The knowledge prehistoric hunter-gatherers possessed about animals is readily apparent from the diversity of species we know they hunted, to judge by the bones found at their settlements. It is only quite recently, however, that archaeologists have been able to document a similar level of exploitation of plant foods by prehistoric hunter-gatherers. Consider, for instance, the 18,000-year-old sites in the Wadi Kubbaniya, which lies to the west of the Nile Valley. The charred plant remains discovered here indicate that a finely ground plant ‘mush’ had been used, probably to wean infants. A diverse array of roots and tubers had been exploited, possibly all the year round, from permanent settlements.2 Similarly, at Tell Abu Hureyra in Syria, occupied by hunter-gatherers between 20,000 and 10,000 years ago, no fewer than 150 species of edible plants have been identified, even though roots, tubers and leafy plants were not preserved.3 At both these locations we see the technology for pounding and grinding plant material – the same as that used by the first farmers (see Figure 34). In summary, these sites demonstrate that the origins of agriculture 10,000 years ago are not to be sought in a sudden breakthrough in technology, or the crossing of a threshold in botanical knowledge.

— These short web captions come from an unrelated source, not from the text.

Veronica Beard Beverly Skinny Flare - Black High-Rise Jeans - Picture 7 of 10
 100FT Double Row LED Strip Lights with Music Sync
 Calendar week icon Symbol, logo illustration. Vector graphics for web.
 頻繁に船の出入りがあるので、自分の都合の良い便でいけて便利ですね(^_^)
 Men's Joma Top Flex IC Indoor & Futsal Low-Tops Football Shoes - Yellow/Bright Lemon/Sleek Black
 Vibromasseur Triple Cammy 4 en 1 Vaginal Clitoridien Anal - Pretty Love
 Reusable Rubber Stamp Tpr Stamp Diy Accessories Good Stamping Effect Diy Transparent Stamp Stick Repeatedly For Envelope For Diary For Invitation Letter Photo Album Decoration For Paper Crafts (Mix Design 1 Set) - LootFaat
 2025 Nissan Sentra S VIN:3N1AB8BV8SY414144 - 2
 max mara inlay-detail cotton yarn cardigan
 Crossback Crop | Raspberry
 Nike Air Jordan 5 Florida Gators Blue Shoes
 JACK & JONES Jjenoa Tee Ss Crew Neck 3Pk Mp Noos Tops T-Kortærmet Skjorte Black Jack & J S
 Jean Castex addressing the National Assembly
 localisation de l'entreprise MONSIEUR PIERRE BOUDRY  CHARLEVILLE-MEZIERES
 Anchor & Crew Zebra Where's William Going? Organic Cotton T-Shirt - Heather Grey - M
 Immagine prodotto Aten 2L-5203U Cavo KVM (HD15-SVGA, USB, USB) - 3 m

So why did people take up farming? An element of compulsion must have been involved. Despite what we might intuitively imagine, farming did not automatically liberate our Stone Age ancestors from a hand-to-mouth, catch-as-catch-can existence. Indeed quite the opposite. Living by agriculture comes a very poor second when compared with living by hunting and gathering. The need to look after a field of crops ties down some members of a community to a particular spot, creating problems of sanitation, social tensions and the depletion of resources such as firewood. Hunter-gatherers easily solve these problems by being mobile. As soon as their waste accumulates, or fire wood is depleted, they move on to another campsite. If individuals or families have disagreements, they can move away to different camps. But as soon as crops need regular weeding, and labour has been invested in building storage facilities or irrigation canals which need maintaining, the option to move on is lost. It is no coincidence that the earliest agricultural communities of the Near East show substantially poorer states of health than their hunter-gatherer forebears, as we know from studies of their bones and teeth.4
34 Mortar and pestle for processing plants from site E-78-4, Wadi Kubbaniya, c. 18,000 years old.
People therefore must have had some incentive to switch to farming. Moreover that incentive must have been on a world wide scale 10,000 years ago, if we are to account for the fact that diverse methods of food production started independently in such a relatively short time period around the globe.5 The crops being cultivated varied markedly, from wheat and barley in Southwest Asia, to yams in West Africa, to taro and coco nuts in Southeast Asia.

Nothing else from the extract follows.